Od 2003 roku Fundacja Roberta Boscha we współpracy z Deutsches Polen-Institut przyznaje podwójną Nagrodę im. Karla Dedeciusa. Wyróżnienie otrzymują jednocześnie polski tłumacz literatury niemieckiej i niemiecki tłumacz literatury polskiej.

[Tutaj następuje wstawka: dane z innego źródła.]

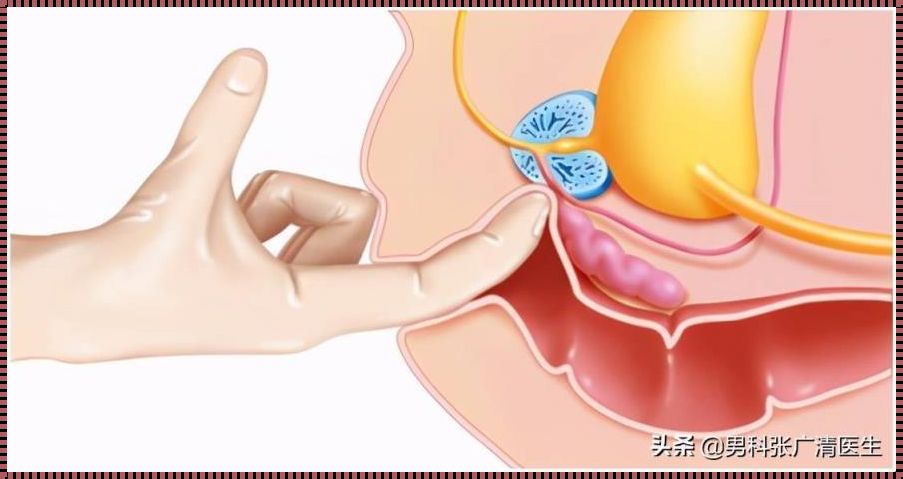 前列腺液会让人怀孕吗？——揭秘生活中的疑惑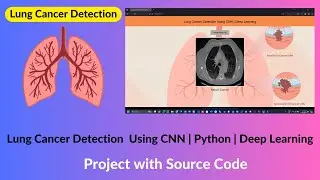 Lung Cancer Detection Using CNN Project with Source Code | Python | Tensorflow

Nagroda jest wręczana przemiennie w Darmstadt i Krakowie.
Wolfgang Kasack, slawista i literaturoznawca, pisał, że siłę dla dzieła swego życia, jakim stały się tłumaczenia i przekłady poetyckie, Karl Dedecius czerpał z miłości do literatury, z wiary, że literatura jest jedną z najwyższych form spełniania się naszego życia na ziemi, z nadziei, że literatura, która jest ważna sama dla siebie, może też wzbogacać innych, może przyczynić się do zrozumienia własnego życia i życia innych ludzi, do zrozumienia innych narodów.
Gdy Karl Dedecius był już ciężko chory, czytano Mu wiersze. Na krótko przed śmiercią zwrócił się z ostatnim życzeniem. Chciał, żeby przeczytać mu wiersz Czesława Miłosza „Ale książki”.
Ale książki będą na półkach, prawdziwe istoty,
Które zjawiły się raz, świeże, jeszcze wilgotne,
Niby lśniące kasztany pod drzewem w jesieni,
I dotykane, pieszczone, trwać zaczęły
Mimo łun na horyzoncie, zamków wylatujących w powietrze,
Plemion w pochodzie, planet w ruchu.
Jesteśmy - mówiły, nawet kiedy wydzierano z nich karty
Albo litery zlizywał buzujący płomień.
O ileż trwalsze od nas, których ułomne ciepło
Stygnie razem z pamięcią, rozprasza się, ginie.
Wyobrażam sobie ziemię kiedy mnie nie będzie
I nic, żadnego ubytku, dalej dziwowisko,
Suknie kobiet, mokry jaśmin, pieśń w dolinie.
Ale książki będą na półkach, dobrze urodzone,
Z ludzi, choć też z jasności, wysokości.
Requiescat in pace
Dieter BINGEN
* Profesor, politolog i historyk, od 1999 roku dyrektor Deutsches Polen-Institut (Niemieckiego Instytutu Spraw Polskich) w Darmstadt, autor licznych opracowań o współczesnej Polsce, stosunkach polsko-niemieckich i europejskich, członek m.in. Kuratorium Stowarzyszeń Niemiecko-Polskich w Niemczech, współzałożyciel Grupy Kopernika.